Andy Slavitt: (02:55)
We’ve also dramatically increased the number of places to get vaccinated. We provided federal support for over 500 community vaccination centers. We’ve launched a program to directly send vaccines to more than 9,000 local pharmacies. We’ve opened or are ramping up 20 high volume federally run sites that we’ll be able to deliver 70,000 shots a week, in some of America’s most disadvantaged neighborhoods. 16 sites are operational now. Those sites have already delivered more than 500,000 shots.
Andy Slavitt: (03:32)
We’re ramping up a program that directly sends vaccines to more than 1300 community health centers to [inaudible 00:03:39] communities. We’re launching mobile sites to help vaccinate the hardest to reach communities. And this is leading to results for the American people, most importantly.
Andy Slavitt: (03:51)
More than 91 million Americans ever received a shot; at least one dose. 61 million Americans fully vaccinated, 32 million Americans. America leads the world in total vaccinations. On January 20th, there was a seven day average of 890,000 shots per day. And today we’re averaging above 2 million shots per day. On Saturday, we set an all-time single day record, nearly 3 million Americans vaccinated, at a pace seen nowhere else in the world.
Andy Slavitt: (04:29)
In terms of protecting the most vulnerable, our core duty as a nation. When we came into office, 8% of people over 65 were vaccinated. Today, 60% are vaccinated. And according to the CDC’s new guidance, vaccinated parents can now visit and hug their grandchildren, and in most circumstances, without wearing a mask. This is an accomplishment every American going through the difficult process of waiting for the vaccine can take pride in. And as more people get vaccinated, more people will become eligible. Yesterday, Alaska became the first state to make vaccines available to all people over the age of 16.
Andy Slavitt: (05:16)
There are many steps left in the path, but we were making progress. With that, I will turn it over to Dr. Walensky.

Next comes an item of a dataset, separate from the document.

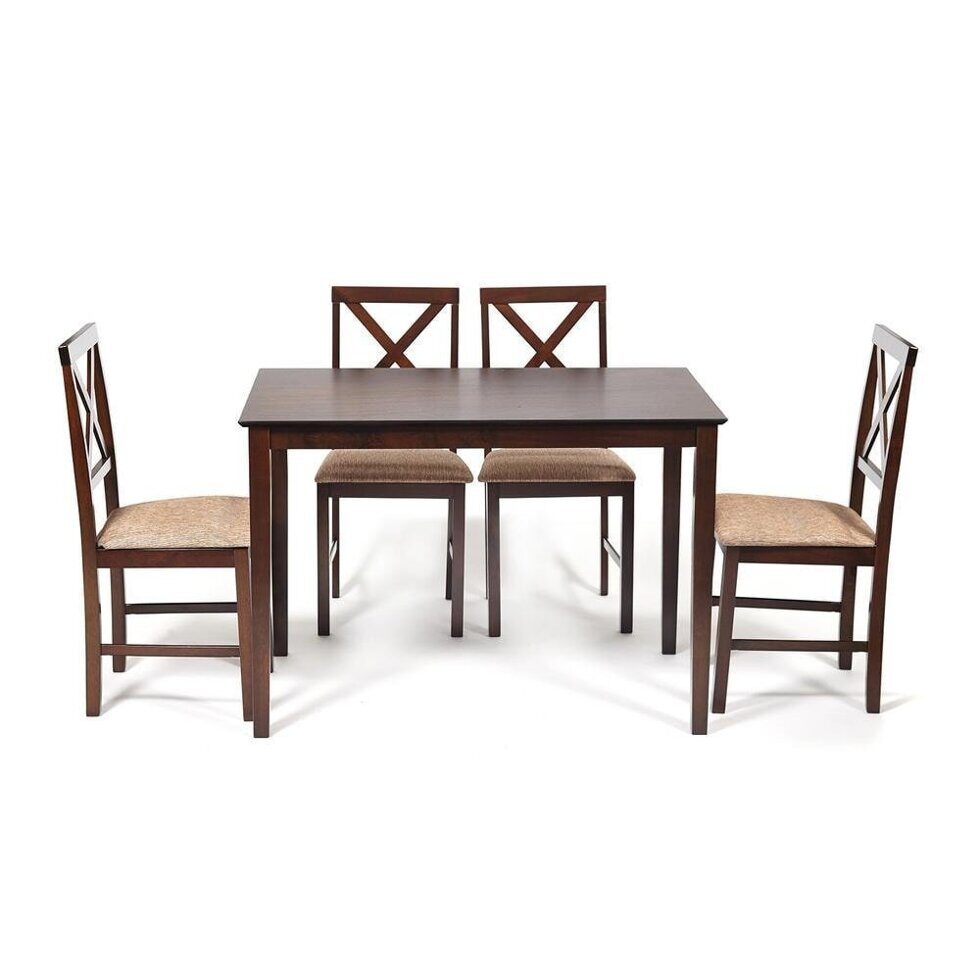 Обеденный комплект эконом Хадсон «Hudson Dining Set» (стол + 4 стула) (cappuccino (темный орех), ткань кор.-золотая)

Dr. Rochelle P. Walensky: (05:27)
Thank you, Andy. It’s a pleasure to be back with you today. Let’s take a look at the current state of the pandemic. CDC’s most recent data indicate that the recent plateau of cases may be again, starting to trend downward, with a seven day average now of 56,000 cases per day. We also continue to see decreases in new hospital admissions for the most recent week. An average of 4,900 patients with COVID-19 were admitted per day in the most recent week.
Dr. Rochelle P. Walensky: (05:54)
And while we have seen deaths hovering around 2,000 deaths per day in recent weeks, the latest seven day average is now down to 1600 deaths per day. Earlier this week, we saw the number of deaths per day drop below 1000 for the first time, since November. All of this is really good news.
Dr. Rochelle P. Walensky: (06:15)
And while these trends are starting to head in the right direction, the number of cases, hospitalizations and deaths still remain too high and our somber reminders that we must remain vigilant as we work to scale up our vaccination efforts across this country. We must continue to use proven prevention measures to slow the spread of COVID-19. They are getting us closer to the end of this pandemic.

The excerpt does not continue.